Informer à tout prix ?

6 avril 2025 • À la une, Déontologie et qualité, Formats et pratiques, Médias et politique, Récent • by

Image d'illustration : Pixabay.

Image d’illustration : Pixabay.

Quel rapport à l’intérêt public les reporters de guerre entretiennent-ils face au danger ? Prennent-ils plus de risque pour une information qui serait davantage d’intérêt public ? Présentation d’un mémoire de fin de master qui avait pour ambition de répondre à ces questions.

Pour une jeune journaliste passionnée de géopolitique, explorer la thématique du reportage de guerre s’est rapidement imposé comme une évidence lorsqu’il a été question de mon travail de mémoire. Le journalisme de guerre existant depuis très longtemps et ayant toujours mobilisé l’attention du public et du champ professionnel, nombreuses de ses facettes ont déjà été explorées.

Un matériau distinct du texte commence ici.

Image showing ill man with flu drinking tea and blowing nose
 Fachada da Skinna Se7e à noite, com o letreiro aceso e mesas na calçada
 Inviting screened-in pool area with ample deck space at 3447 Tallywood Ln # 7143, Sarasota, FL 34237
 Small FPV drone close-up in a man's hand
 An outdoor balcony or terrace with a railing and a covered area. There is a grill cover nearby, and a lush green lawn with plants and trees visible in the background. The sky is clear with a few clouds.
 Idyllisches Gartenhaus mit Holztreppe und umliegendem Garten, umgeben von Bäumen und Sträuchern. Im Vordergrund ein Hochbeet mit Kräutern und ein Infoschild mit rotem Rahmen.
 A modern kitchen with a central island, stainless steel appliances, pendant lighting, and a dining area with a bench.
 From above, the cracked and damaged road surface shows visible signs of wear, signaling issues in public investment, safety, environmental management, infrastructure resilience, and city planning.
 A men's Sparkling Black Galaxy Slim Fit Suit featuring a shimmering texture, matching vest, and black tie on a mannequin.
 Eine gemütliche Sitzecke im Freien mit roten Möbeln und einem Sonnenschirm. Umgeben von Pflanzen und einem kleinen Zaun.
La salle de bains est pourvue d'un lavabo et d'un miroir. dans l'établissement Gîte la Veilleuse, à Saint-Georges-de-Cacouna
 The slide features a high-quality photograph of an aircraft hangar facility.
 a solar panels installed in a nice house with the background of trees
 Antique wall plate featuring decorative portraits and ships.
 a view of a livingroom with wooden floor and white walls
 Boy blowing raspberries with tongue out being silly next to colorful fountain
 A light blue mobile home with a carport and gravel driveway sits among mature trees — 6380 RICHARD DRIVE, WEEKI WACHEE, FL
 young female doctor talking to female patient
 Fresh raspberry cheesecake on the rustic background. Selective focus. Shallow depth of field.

Dans ce travail, j’ai souhaité interroger l’essence même du journalisme lorsqu’il se joue dans un contexte particulier comme les situations de belligérance. J’ai donc choisi de m’orienter sur la question de l’intérêt public, qui est une composante intrinsèque du journalisme. En vertu de cette dernière, les journalistes de guerre choisissent-ils de se mettre davantage en danger ? J’ai donc basé ma recherche sur l’hypothèse suivante :

Plus une information relève d’un intérêt public, plus le reporter accepte de s’exposer au risque. Alors évidemment, ce constat peut paraître quelque peu simpliste, et il a en effet été infirmé lorsque je l’ai confronté aux différents témoignages des reporters. Toutefois, ce postulat permet de mettre en avant le journalisme de guerre comme une pratique plurielle. En effet, en confrontant mon hypothèse aux témoignages de sept journalistes que j’ai rencontré, j’ai pu notamment confirmer le lien fondamental entre la notion de responsabilité sociale et le métier de reporter. Celle-ci soutient l’importance d’une transmission adéquate de l’information au public afin de permettre aux citoyens de décider de façon éclairée, en donnant également une représentation équilibrée de la société (Siebert et al., 1956). Une notion profondément liée aux idéaux démocratiques.

Le journalisme de guerre recouvre des réalités complexes et multiples, qui ont par ailleurs évolué dans le temps. Les guerres totales, « conventionnelles » avec artillerie et déclarations officielles, ne sont désormais plus la norme à notre époque, exception faite de la récente guerre en Ukraine. Avec ce changement dans la façon de faire la guerre, au travers de guerres grises[1] ou de guérillas, c’est automatiquement le métier de « reporter de guerre » qui change aussi.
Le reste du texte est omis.